When you first knew that your sin was forgiven, you first knew that you were a child. Do you remember the joy that used to fill you? You weren't perfect yet. You knew you had a long way to go, and yet there was this sense of, in Christ, I can make progress. I am dearly and deeply loved, and that joy was such strength for the Christian life, even when we were just learning what that was meaning. And Schaeffer just said, "That joy's a long way away from me right now." And he said, "Gradually, walking those mountain trails, I found something. I found something I had not been taught, a simple thing, but profound. I discovered the meaning of the work of Christ in a relationship with God moment by moment on the basis of not my performance, not my intellect, but the blood of Christ. He has made a way. He has provided for me to be forgiven. He has provided for me to have a life with my God where I am pardoned and privileged and treasured. And knowing that, I'm filled with joy, with the reality of the goodness of God." I mean, I think, what would it mean if we claimed it again? If you could just imagine yourself walking on those mountain trails with Francis Schaeffer, and you say, "Oh, down there are some dark valleys, and over there are some storm clouds,
but right now on this path, I'm walking in the light," and how your heart would be filled with joy at the privilege of the position that God had put you in, almost as though
verses 8 and 9 would apply to you. "At one time you were darkness, but now you are light in the Lord. Walk as children of light, for the fruit of light is found at all that is good and right and true. Try to discern what is pleasing to the Lord." Why? Because you're in the light. And it's that goodness and that glory of walking in the light that is more than just serving God with drudgery. It is dancing in the fullness of the glory of what He has provided for those who know what treasure they are. For those of you who recognize what I'm saying right now is the beauty of what it means to be a pastor with people who celebrate the goodness of God, I asked for you to pray for me. I asked for you the announcement this week that the Lord is calling us not just to leadership here but to leadership of this denomination, not for a church but thousands of churches.

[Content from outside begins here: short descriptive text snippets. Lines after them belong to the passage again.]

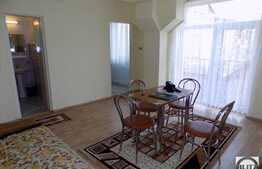 1 camera, 30 mp, imobil nou, AC, mobilat modern, zona strazii Oasului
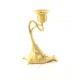 Sfesnic Art Nouveau din bronz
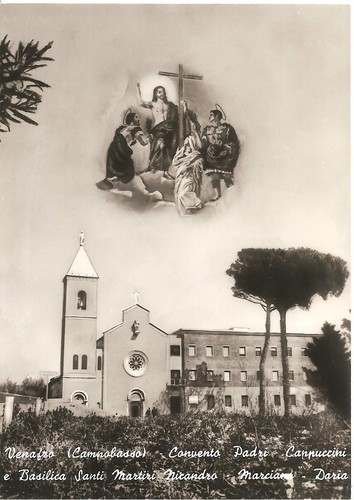 Venafro convento - venafro_convento, pp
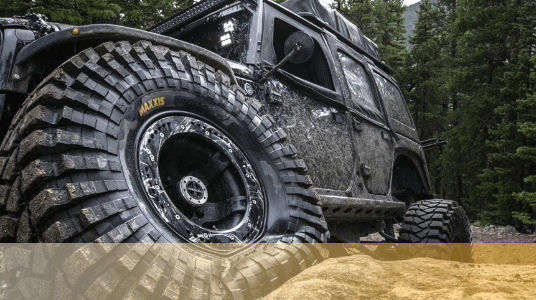 Anvelope Off Road (A/T - M/T - XMT) фото 8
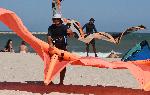 Варна - Екстремни морски забавления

And these truths press on my heart with a church that stands so strong for Scripture but so often the attitudes are anger and bitterness and criticism. And I'm praying, I would ask that you pray for me that what has happened in this place, how God is changing us, would multiply far beyond us as people perceive the treasure it is to be the beloved of God and how it takes competition and pride out of us and replaces it with forgiveness and loving respect and care even for those who have been careless toward us.
We're face timing with grandkids these days of sheltering in place.
And our son in Colorado did something very special, even sacrificial for his children. In their living room they have a tall vaulted ceiling. To give his children something to do as they shelter in place, he actually built a climbing wall up the side of his living room for his children. And as he sacrificed the living room for them, they felt the specialness of themselves. You know, in face timing they said, "Look, Grandma, look, Grandpa, look what I can do." What they did not anticipate, my son and his wife, is the climbing wall got the little kids just tall enough up the wall that they could reach to the staircase and then go on up to the balcony up above.
Depending how precious they were to their father gave them the ability to go far higher than they had ever anticipated.
It's our privilege too.
When we recognize how great is the Father's sacrifice for us, that we are now his beloved, treasured children, wouldn't we know it?
The joy of the Lord becomes our strength, and we can go ever higher in the witness of God for the name of our Savior.